While former Vice President Mike Pence seemingly, purposely kept himself out of the limelight following his exit from the White House in January, it appears that he’s finally stepping back out into the public eye. Despite the lukewarm reception Pence has reportedly received during major appearances, such as a conservative Christian summit held in Denver earlier in June, it looks like the ex-VP remains undeterred in this pursuit. Not only that, but Pence could feasibly be distancing himself from his one-time boss, former President Donald Trump, as his latest public address would suggest.
As CNN reported on June 25, Pence delivered his latest speech at the Ronald Reagan Presidential Library in Simi Valley, Calif., in which he remarked upon things that have become, in a way, the defining final moments of his tenure in office: namely, the Jan. 6 right-wing insurrection at Capitol Hill and Trump’s continuous attempts to convince others that the November 2020 election was rigged — a claim that has been repeatedly debunked.
So, what did Mike Pence have to say about it all? Keep on reading to find out.
Mike Pence backed his actions while delivering a speech
Per CNN, Mike Pence’s most recent speech contained commentary in which he more or less directly addressed the events leading up to the insurrection at the Capitol Building on Jan. 6, in which Pence himself became a target of the right-wing mob of extremists for allowing the results of the November 2020 election to be ratified. “The Constitution affords the vice president no authority to reject or return electoral votes submitted to the Congress by the states,” Pence stated, referring to the criticism Donald Trump lobbed only hours before numerous attendees of his rally, many of which went on to storm Capitol Hill, and some of whom sought out Pence to do him harm.
Pence also seemingly dismissed Trump’s repeated and vastly unsubstantiated claims of election fraud during the 2020 presidential race, which resulted in current President Joe Biden’s victory. “Now, I understand the disappointment many feel about the last election,” Pence continued. “I can relate. I was on the ballot.
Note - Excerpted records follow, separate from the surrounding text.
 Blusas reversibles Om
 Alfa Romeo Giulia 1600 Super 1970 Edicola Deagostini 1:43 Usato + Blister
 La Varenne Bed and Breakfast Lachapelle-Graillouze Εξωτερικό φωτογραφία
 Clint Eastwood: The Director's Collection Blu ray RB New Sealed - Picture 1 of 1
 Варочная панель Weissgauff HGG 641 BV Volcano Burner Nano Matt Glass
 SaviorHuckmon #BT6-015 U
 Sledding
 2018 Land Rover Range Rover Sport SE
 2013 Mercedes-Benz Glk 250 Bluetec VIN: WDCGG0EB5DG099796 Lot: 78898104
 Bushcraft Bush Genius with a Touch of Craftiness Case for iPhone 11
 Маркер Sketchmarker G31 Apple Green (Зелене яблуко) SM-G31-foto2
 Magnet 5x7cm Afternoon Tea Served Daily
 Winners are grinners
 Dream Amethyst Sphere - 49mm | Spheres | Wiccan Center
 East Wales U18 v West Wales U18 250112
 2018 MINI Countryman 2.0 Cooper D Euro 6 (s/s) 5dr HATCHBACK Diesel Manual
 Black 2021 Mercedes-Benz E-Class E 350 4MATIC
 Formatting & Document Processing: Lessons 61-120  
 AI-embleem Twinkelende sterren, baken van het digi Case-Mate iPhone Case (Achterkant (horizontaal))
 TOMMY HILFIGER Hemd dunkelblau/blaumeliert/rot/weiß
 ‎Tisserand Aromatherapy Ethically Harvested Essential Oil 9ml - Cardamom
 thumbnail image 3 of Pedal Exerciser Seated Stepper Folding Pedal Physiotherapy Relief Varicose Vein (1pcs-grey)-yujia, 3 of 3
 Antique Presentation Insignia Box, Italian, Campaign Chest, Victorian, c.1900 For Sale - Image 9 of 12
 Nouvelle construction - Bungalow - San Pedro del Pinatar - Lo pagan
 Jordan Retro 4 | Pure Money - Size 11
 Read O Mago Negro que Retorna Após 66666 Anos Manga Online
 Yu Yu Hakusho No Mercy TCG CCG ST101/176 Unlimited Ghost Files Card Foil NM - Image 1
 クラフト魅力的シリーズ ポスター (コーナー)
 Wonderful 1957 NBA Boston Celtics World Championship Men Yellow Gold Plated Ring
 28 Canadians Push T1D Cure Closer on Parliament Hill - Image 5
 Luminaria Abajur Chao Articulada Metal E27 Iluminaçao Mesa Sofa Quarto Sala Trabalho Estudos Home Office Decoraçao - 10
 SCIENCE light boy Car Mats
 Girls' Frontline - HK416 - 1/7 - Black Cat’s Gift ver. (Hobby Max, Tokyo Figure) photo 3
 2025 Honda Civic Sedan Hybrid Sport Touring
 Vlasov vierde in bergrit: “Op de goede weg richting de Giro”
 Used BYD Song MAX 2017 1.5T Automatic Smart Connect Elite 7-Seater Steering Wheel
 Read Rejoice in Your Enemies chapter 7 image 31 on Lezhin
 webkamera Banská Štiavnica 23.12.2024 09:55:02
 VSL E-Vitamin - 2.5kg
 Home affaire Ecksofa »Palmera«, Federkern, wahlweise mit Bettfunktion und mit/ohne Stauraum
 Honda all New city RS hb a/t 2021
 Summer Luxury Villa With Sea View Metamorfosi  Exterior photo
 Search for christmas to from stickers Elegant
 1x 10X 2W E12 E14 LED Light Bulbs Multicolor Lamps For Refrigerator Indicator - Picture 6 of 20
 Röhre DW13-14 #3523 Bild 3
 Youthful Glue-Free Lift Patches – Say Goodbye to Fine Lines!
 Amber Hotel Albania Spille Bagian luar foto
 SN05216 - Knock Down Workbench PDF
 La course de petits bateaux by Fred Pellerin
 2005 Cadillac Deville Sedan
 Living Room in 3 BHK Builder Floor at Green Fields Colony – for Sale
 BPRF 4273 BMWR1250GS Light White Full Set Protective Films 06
But you know, there’s more at stake than our party and our political fortunes in this moment. If we lose faith in the Constitution, we won’t just lose elections — we’ll lose our country.”
Though his comments seemed to indicate Pence’s desire to share his take on the events after November 2020 (which are diametrically different from Trump’s), he also made an effort to praise aspects of Trump’s White House term, calling him “one of a kind.”